This detail is looking towards Meagher’s quay, and the bulk of the Billys are concentrated down this end of the Quays and on the streets leading up from the Quays, Barronstrand Street, George’s street etc. I’ve given the little ‘Fish house’ building a yellow X as a marker.


A map of Waterford from about the same date as the Chearnley print, circs 1745.

Although the detail is distant in the Chearnley view, and he’s reverted to a generic portrayal of the houses, his drawing does corroborate the impression given in the earlier Van der Hagen painting of circa 1735, that the streetscape here is dominated by merchant houses with gables, mostly curvilinear gables.


A detail of the Van der Hagen view, posted earlier by ake.

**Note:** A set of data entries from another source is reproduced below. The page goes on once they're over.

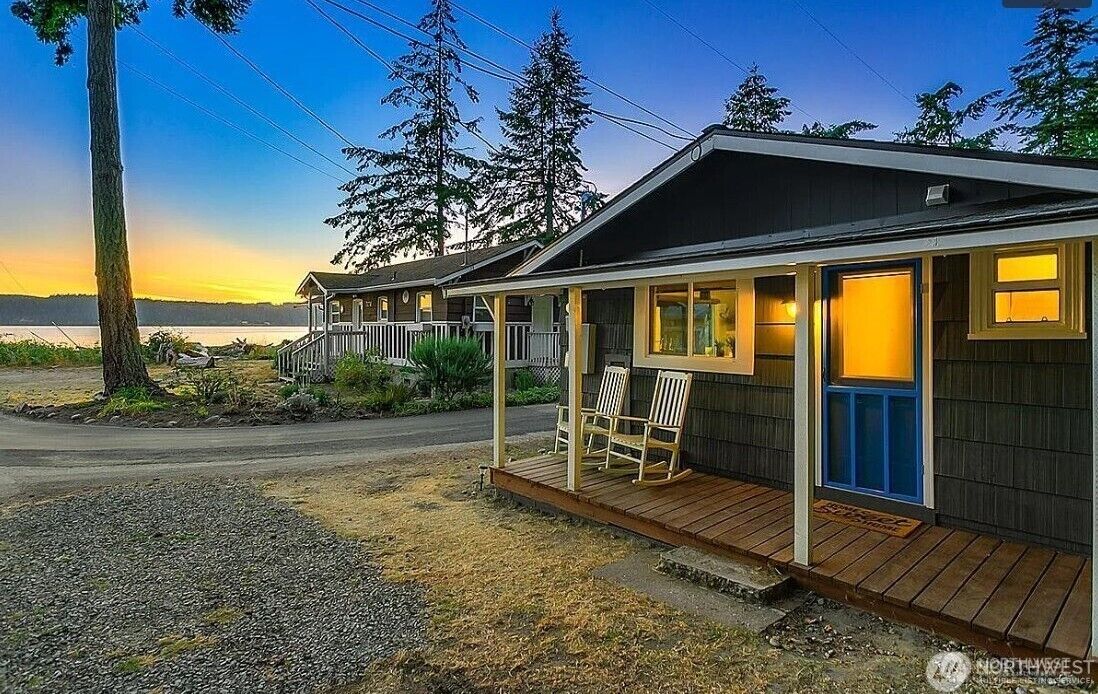 Property Photo:  552  Sundin Drive  WA 98282 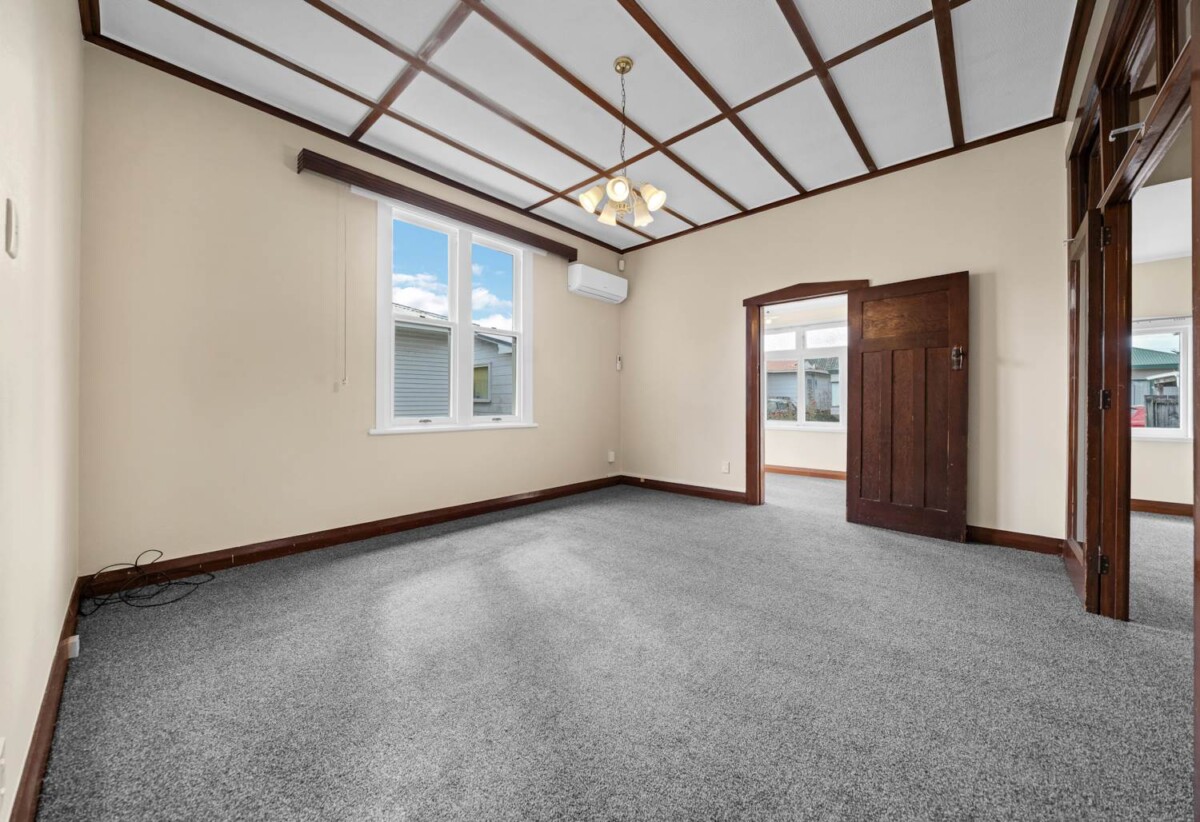 3 beds + study 1 bath house with carport on 419m2 section, minutes from Otahuhu town centre, motorway access, 0.4 km to Otahuhu College, 5 Chelsea Avenue, Otahuhu, Auckland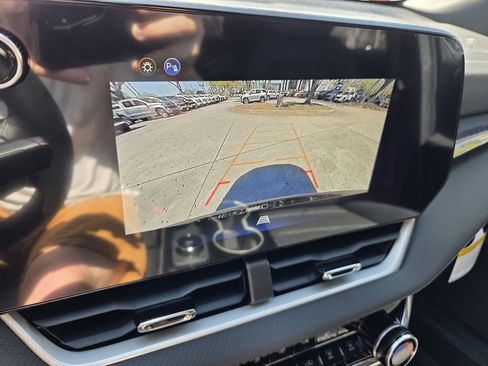 New 2026 Chevrolet Equinox LT w/ Convenience Package II image 35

It appears that the entire quay front has been rebuilt incrementally over the years, but there is a fascinating sequence of photographs that chart some of this transition.

I believe that this 1880s photograph shows the two central, grander houses in the Van der Hagen view. The pedimented five bay house on the left corresponds very well with Van der Hagen’s ‘orange’ house, although it’s upper level windows would actually match it’s neighbouring five-bay house better. The central entrance door and small carriage arch on the left matches the ground floor arrangement of both houses in the painting. The right hand five-bay has clearly dissappeared and been replaced by a taller, 19th century, four-bay commercial building, but the plot width corresponds.

In the next photograph, the low five-bay (and last survivor of the Van der Hagen houses) has been knocked and replaced by a late Victorian hotel (‘The Granville’) complete with a mansard roof and high dormer gables.

The pointy clock has replaced the ‘Fish House’

‘The Granville’ then went up in flames in 1915, gutting both of the building on the site of the two original five-bay houses. Both of the 19th century facades survived largely intact, but the high Victorian structure was rebuilt with a much simpler top storey, in a nice example of history repeating itself.


as rebuilt in 1916 after the fire.

And today, the facades are just about still legible under the uniform decorative scheme of the further expanded ‘Granville Hotel’.